| Task description |
All of the listing is to be written out word for word, with the pictures left out.

| Provided material |
Content starts
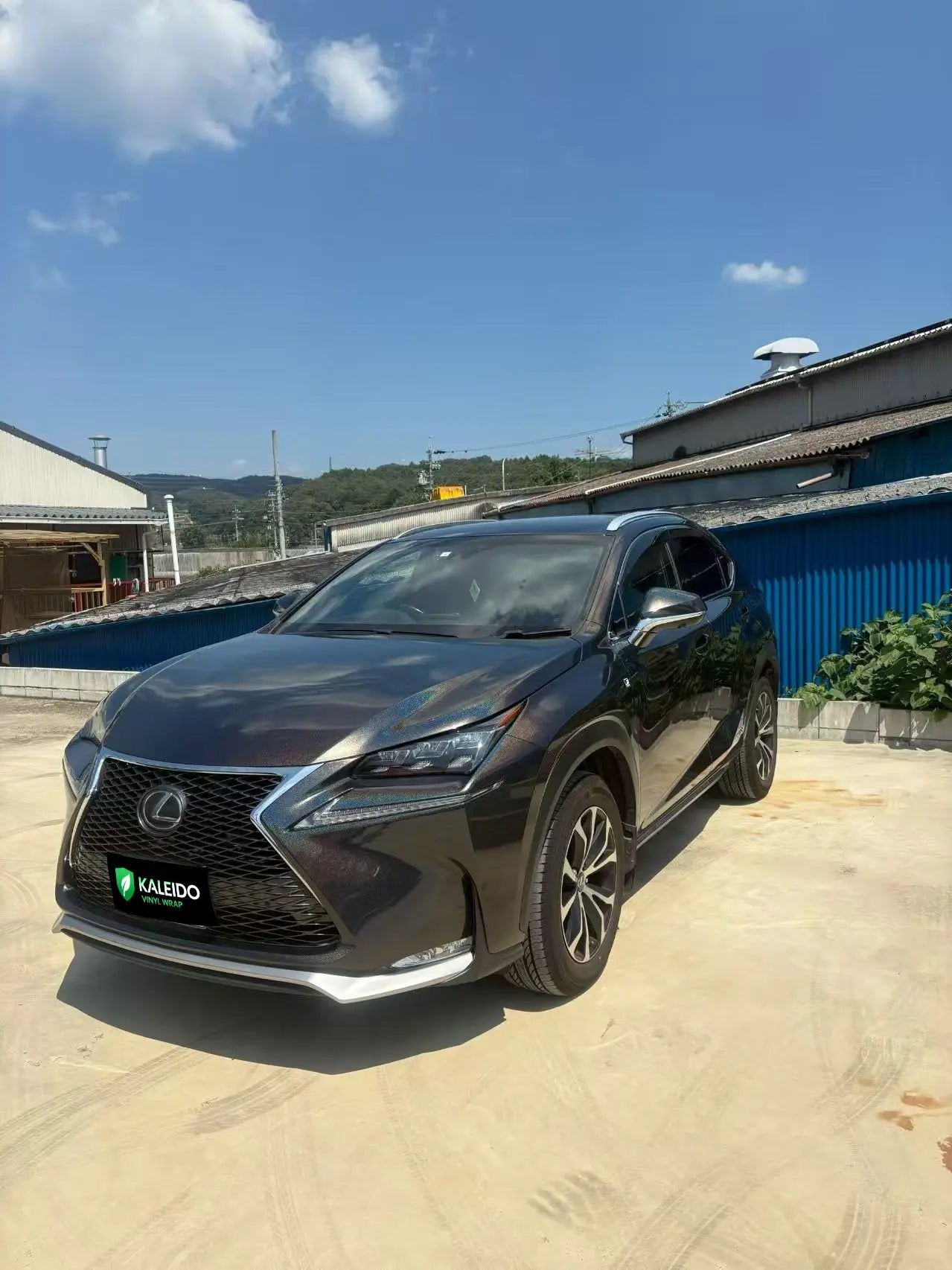 Laser Gloss Black wrap on Lexus NX - front-left holographic effect - Kaleido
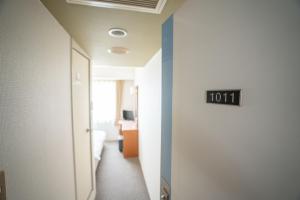Postel nebo postele na pokoji v ubytování Hotel Casabella Inn Kobe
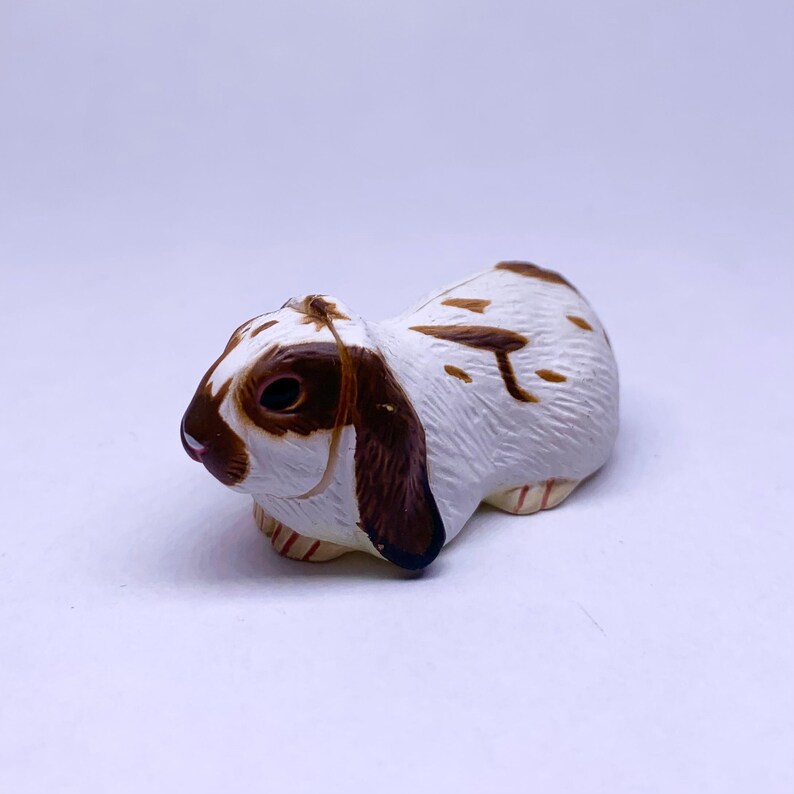 Puede incluir: Figura de conejo de cer&aacute;mica en reposo. El conejo tiene pelaje blanco con marcas marrones en la espalda, las orejas y alrededor de los ojos. La figura est&aacute; detallada con una textura realista y se encuentra sobre un fondo liso.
Content ends
| Response to the exercise |
 Laser Gloss Black wrap on Lexus NX - front-left holographic effect - Kaleido
Postel nebo postele na pokoji v ubytování Hotel Casabella Inn Kobe
 Puede incluir: Figura de conejo de cer&aacute;mica en reposo. El conejo tiene pelaje blanco con marcas marrones en la espalda, las orejas y alrededor de los ojos. La figura est&aacute; detallada con una textura realista y se encuentra sobre un fondo liso.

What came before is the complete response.